§ What you should do:
Go over the entries and report the lines where the word "Color" occurs.

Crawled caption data

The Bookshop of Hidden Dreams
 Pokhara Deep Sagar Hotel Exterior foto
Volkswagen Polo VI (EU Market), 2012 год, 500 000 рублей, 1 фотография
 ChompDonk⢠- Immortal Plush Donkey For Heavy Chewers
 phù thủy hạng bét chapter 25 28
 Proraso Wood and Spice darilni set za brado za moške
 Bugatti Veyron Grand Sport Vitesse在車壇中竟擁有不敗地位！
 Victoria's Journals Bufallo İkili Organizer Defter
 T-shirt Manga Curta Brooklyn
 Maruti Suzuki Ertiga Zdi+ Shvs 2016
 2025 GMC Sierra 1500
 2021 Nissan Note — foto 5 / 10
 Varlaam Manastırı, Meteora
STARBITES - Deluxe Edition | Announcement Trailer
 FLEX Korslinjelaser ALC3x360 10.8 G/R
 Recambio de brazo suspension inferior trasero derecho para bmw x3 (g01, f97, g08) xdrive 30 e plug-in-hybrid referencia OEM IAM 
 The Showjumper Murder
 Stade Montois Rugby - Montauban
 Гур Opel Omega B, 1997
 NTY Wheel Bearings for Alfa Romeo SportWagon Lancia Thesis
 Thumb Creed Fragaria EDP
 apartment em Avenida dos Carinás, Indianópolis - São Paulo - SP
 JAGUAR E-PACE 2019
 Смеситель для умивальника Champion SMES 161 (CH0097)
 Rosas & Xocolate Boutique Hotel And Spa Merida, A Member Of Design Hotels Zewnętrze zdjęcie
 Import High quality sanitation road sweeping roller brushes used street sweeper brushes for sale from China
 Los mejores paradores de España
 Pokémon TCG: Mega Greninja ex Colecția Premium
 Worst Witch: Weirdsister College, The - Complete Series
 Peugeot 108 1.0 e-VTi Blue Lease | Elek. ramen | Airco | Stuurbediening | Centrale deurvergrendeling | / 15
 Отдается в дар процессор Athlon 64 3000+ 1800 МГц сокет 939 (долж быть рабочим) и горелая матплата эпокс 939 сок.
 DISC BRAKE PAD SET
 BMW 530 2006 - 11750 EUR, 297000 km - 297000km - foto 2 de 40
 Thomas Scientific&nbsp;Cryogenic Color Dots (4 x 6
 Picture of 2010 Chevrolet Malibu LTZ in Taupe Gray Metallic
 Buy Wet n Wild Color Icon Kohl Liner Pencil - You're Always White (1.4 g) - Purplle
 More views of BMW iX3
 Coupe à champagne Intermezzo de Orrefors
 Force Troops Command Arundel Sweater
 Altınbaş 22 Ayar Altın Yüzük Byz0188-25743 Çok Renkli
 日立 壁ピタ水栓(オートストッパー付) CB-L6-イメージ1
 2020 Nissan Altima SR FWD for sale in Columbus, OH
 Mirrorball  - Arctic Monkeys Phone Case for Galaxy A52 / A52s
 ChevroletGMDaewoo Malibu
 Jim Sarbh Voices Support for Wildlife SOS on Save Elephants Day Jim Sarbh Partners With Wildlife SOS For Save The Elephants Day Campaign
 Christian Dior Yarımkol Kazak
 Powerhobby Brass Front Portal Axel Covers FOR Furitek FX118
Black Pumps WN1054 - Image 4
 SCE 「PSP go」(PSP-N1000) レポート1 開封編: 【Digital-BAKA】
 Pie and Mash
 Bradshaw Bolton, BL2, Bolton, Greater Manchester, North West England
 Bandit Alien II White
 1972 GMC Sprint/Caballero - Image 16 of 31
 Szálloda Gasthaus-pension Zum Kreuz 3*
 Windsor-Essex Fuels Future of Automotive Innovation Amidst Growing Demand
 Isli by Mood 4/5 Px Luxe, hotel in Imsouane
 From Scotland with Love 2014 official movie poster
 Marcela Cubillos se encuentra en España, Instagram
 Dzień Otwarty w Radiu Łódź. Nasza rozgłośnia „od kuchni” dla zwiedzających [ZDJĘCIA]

§ Written reply:
 Thomas Scientific&nbsp;Cryogenic Color Dots (4 x 6
 Buy Wet n Wild Color Icon Kohl Liner Pencil - You're Always White (1.4 g) - Purplle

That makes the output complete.